Равнодушие завладело Евпраксией. Не слушала уговоров доброй Вильтруд спуститься с высокой башни и прогуляться у парапета; там по вечерам пахло цветами с грядок, что сохранились под голыми мрачно-понурыми стенами замка и после того ночного надругательства, когда искали собаку; чьи-то заботливые руки снова ухаживали за цветами, поливали, прибирали грядки. Но не могла же она ходить между своей башней и той, где засели охранники!
Догадывалась, что Генрих не доверил ее охрану италийцам, в них слишком много сердечности и доброты. Нет, он посадил там своих красномордых кнехтов, тупых, упрямых, от рождения убежденных, что самое главное для человека – здоровье, а не разум. Навидалась их вдоволь, больше не желала их видеть, не хотела позориться, выказывать перед ними свое положение пленницы. Нет! Будет сидеть тут, в башне, до скончания века и не подумает никуда пойти!
– Я тоже буду с вами, ваше величество, – говорила Вильтруд.
– Ты можешь выходить на свободу, и ты должна это делать.
– Но как я оставлю вас хотя бы на минуту? И как посмею дышать свободой, когда вы лишены ее?

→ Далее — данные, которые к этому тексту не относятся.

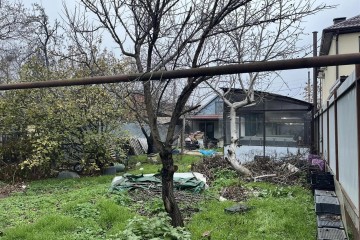 Фото №3: Дом 51 м² - Краснодар, мкр. Покровка, ул. Северная, 528/11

– Тебя не должно мучить это свое превосходство надо мной. Всегда кто-то кого-то в чем-то превосходит. Воспринимай все, что есть, как то, чему надлежит быть. Так ведь делает аббат Бодо. Он свободно ходит и туда и сюда, пробует утешать меня в моей неволе, потом оставляет меня наедине с неволей, для себя выбирая свободу. Заметила ль ты в нем боль и страданье от необходимости этих вынужденных перемен?
– Он всегда одинаковый.
– Будь и ты такой.
– Разве можно спокойно наблюдать, как страдаете вы, ваше величество!
– Кто сказал тебе, что я страдаю?
– А эта башня? Такая страшная, тесная, гнетущая.
– Женщинам суждено терпеть. Все нужно преодолеть. Коли башня – пусть будет башня.
– Я унесла из дворца все ваши императорские украшения, ваше величество. Это поможет вам.
Евпраксия погладила ее светлые волосы. Кто мог бы сказать, что тут поможет?
Пока лежала в лихорадке, знать не знала, что происходило в долине, теперь же хоть и отказывалась, даже чуточку, расширить свой суженный до предела мир, а все-таки из окон высоченного прибежища посматривала. И видела, хорошо видела Холм Сан-Пьетро весь целиком, и Адидже с римским мостом, охраняемым с той стороны темной каменной башней, и веронский старый собор за рекою, церкви, дома, каменный лес башен над городом.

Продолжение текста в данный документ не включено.